**DATA FOR THIS TASK:**
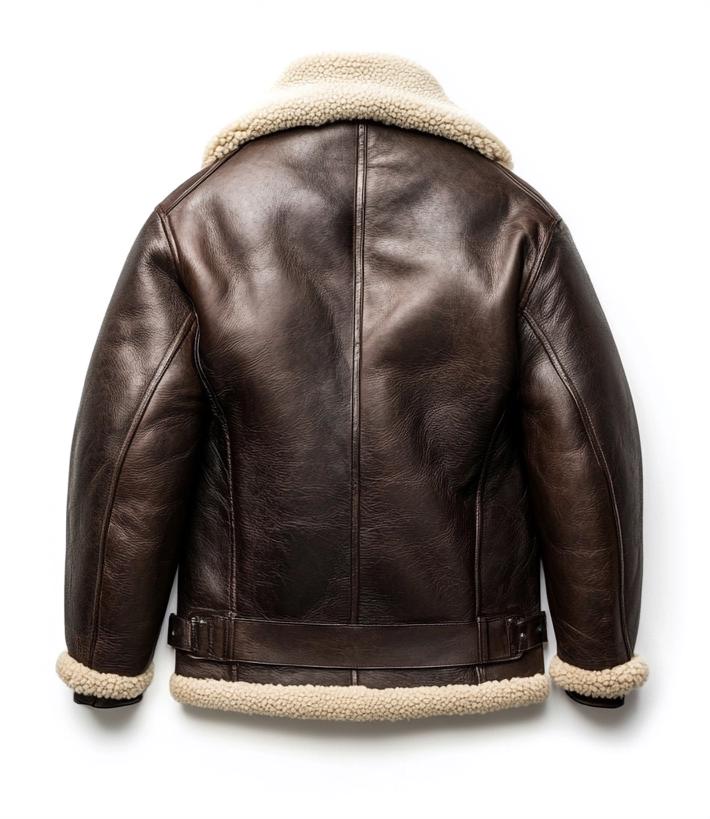 Men's Genuine Fur Shearling Jacket – Real Leather Brown Winterwear Street Style by Leather Chloride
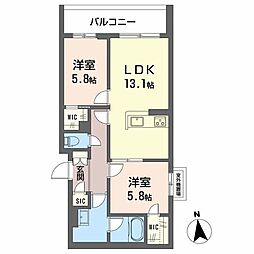シャーメゾン 東雲 子育て支援 2LDKの間取図画像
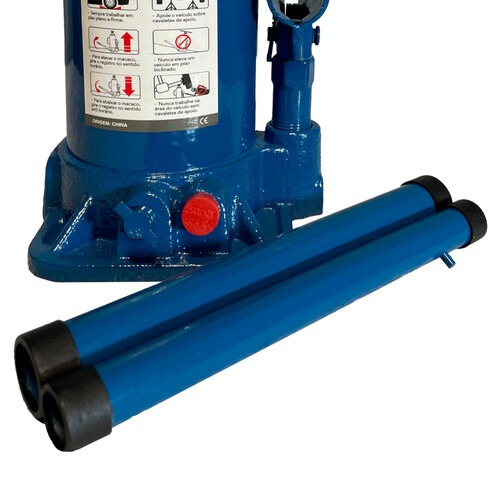 Macaco hidr�ulico tipo garrafa 12 toneladas azul - RMGI012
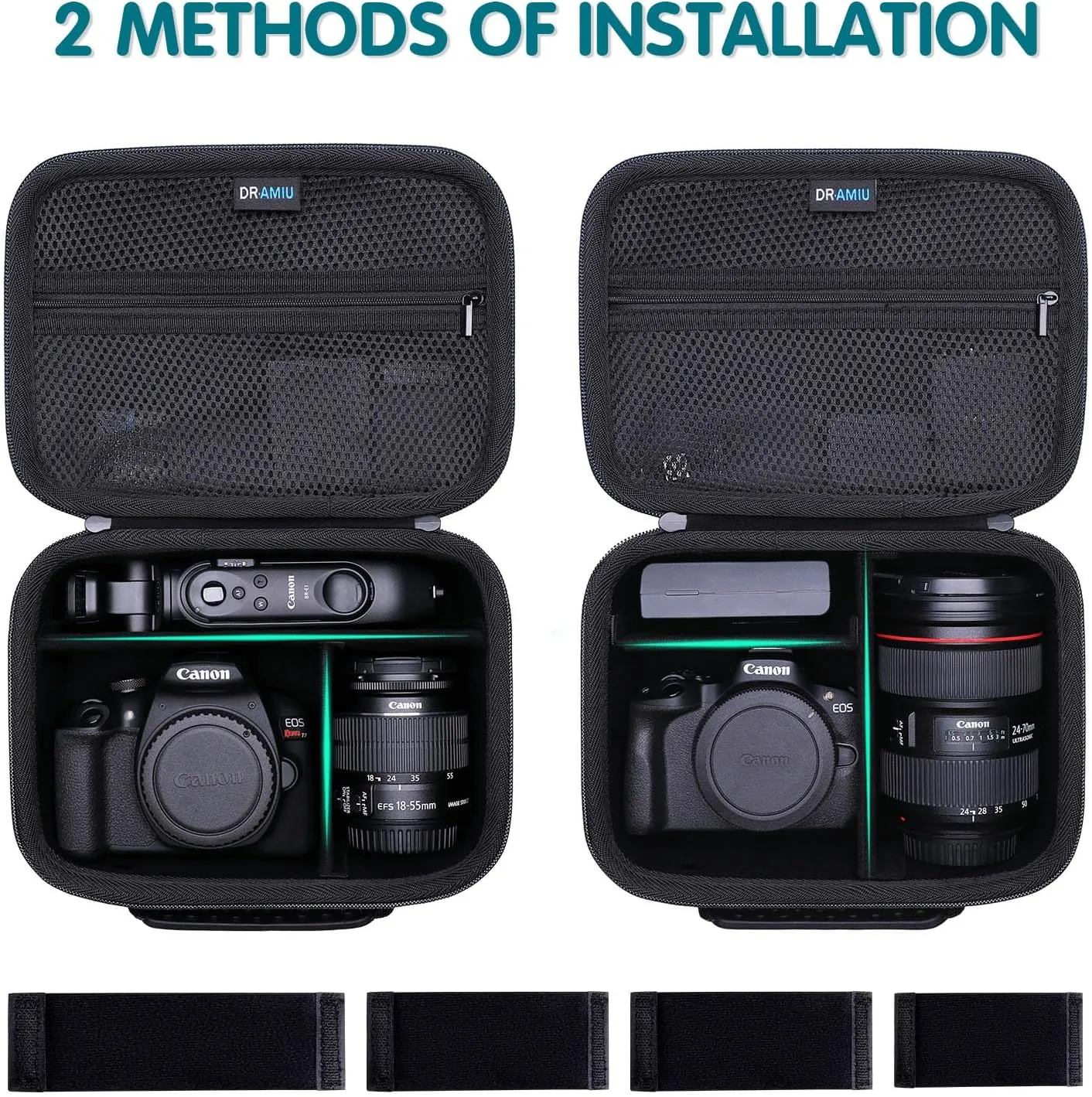 Camera Case Compatible with Canon EOS Rebel T7, R100, R50, R6 Mark II, R8, R5, R7, 90D, 5D Mark IV, Sony, Nikon Cameras, Lens, Tripod, with Shoulder Strap and 4 Dividers, Travel Black Camera Bag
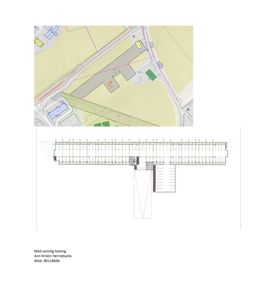 Bildet viser en situasjonsplan (tomtekart) med bygningsplassering, veier og terrengkonturer, samt en mindre etasjeplan under.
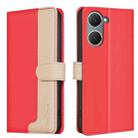 For vivo Y03 4G Color Matching RFID Anti-theft Leather Phone Case(Red) - 1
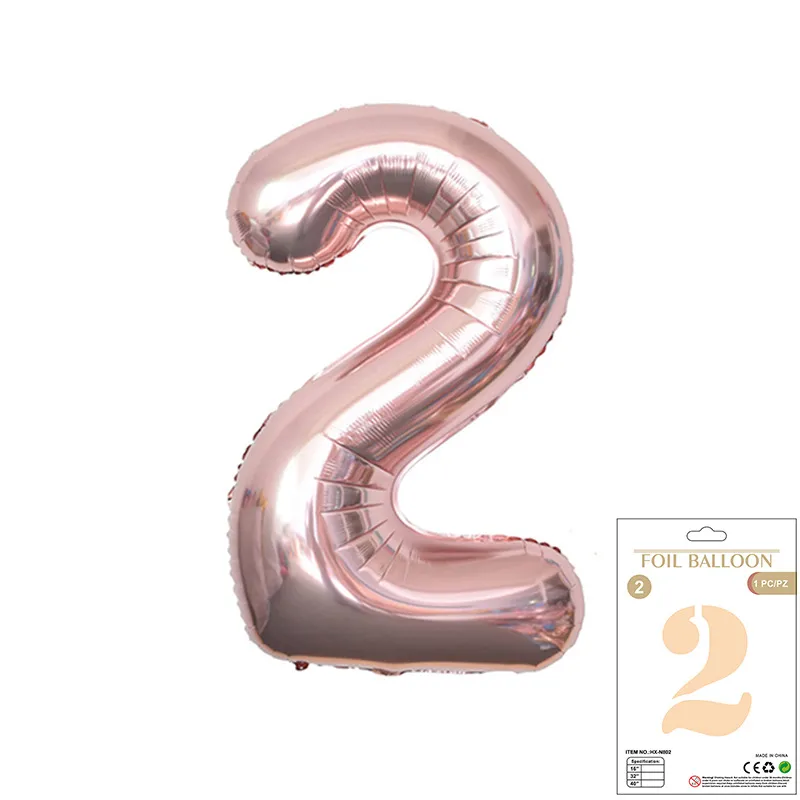Balon Foliowy Rose Gold "2" 1m Balon Foliowy Rose Gold "2" 1m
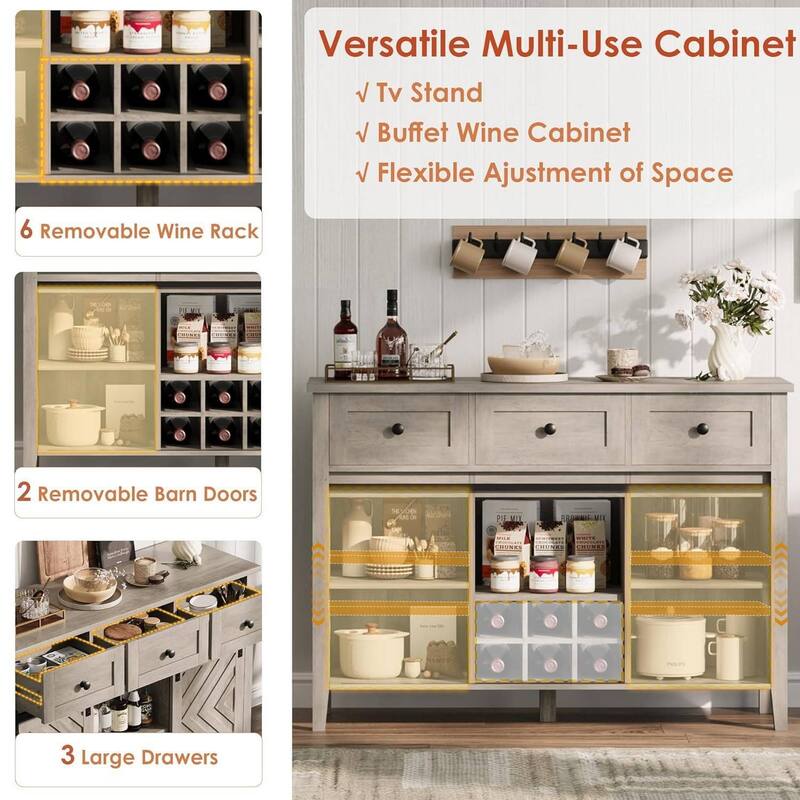 Rustic Farmhouse 47.2'' Buffet Cabinet with Sliding Barn Door for Kitchen, Living Room - N/A
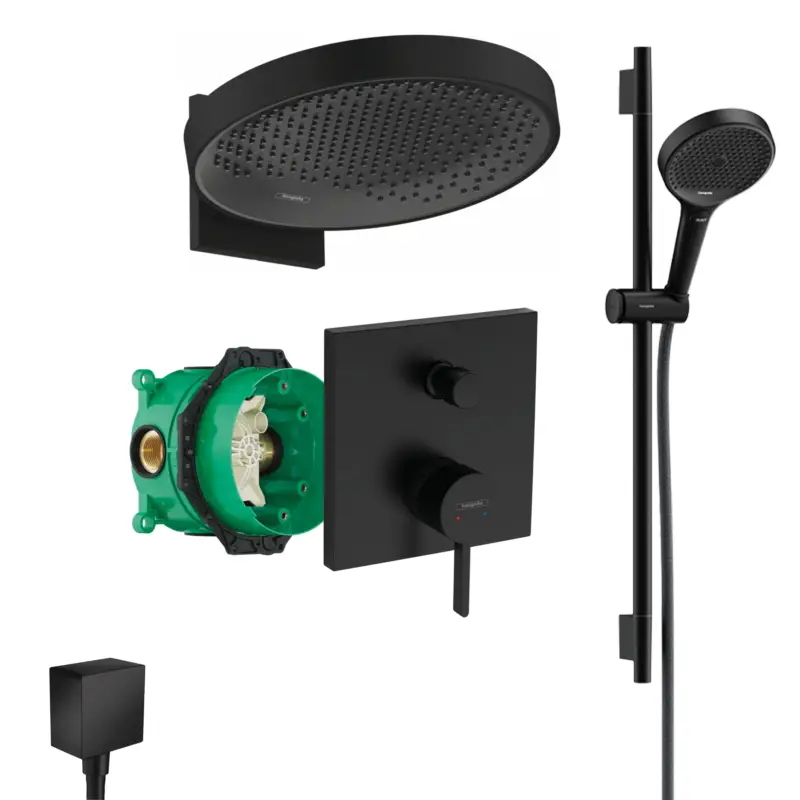 Bestseller Hansgrohe Finoris Unterputz Duschsystem Rainfinity Brauseset schwarz matt Rainfinity 360 Wandanschluss und iBox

**DIRECTIONS:** Without including any pictures, return every line of the records exactly.

**REPLY:**
 Men's Genuine Fur Shearling Jacket – Real Leather Brown Winterwear Street Style by Leather Chloride
シャーメゾン 東雲 子育て支援 2LDKの間取図画像
 Macaco hidr�ulico tipo garrafa 12 toneladas azul - RMGI012
 Camera Case Compatible with Canon EOS Rebel T7, R100, R50, R6 Mark II, R8, R5, R7, 90D, 5D Mark IV, Sony, Nikon Cameras, Lens, Tripod, with Shoulder Strap and 4 Dividers, Travel Black Camera Bag
 Bildet viser en situasjonsplan (tomtekart) med bygningsplassering, veier og terrengkonturer, samt en mindre etasjeplan under.
 For vivo Y03 4G Color Matching RFID Anti-theft Leather Phone Case(Red) - 1
Balon Foliowy Rose Gold "2" 1m Balon Foliowy Rose Gold "2" 1m
 Rustic Farmhouse 47.2'' Buffet Cabinet with Sliding Barn Door for Kitchen, Living Room - N/A
 Bestseller Hansgrohe Finoris Unterputz Duschsystem Rainfinity Brauseset schwarz matt Rainfinity 360 Wandanschluss und iBox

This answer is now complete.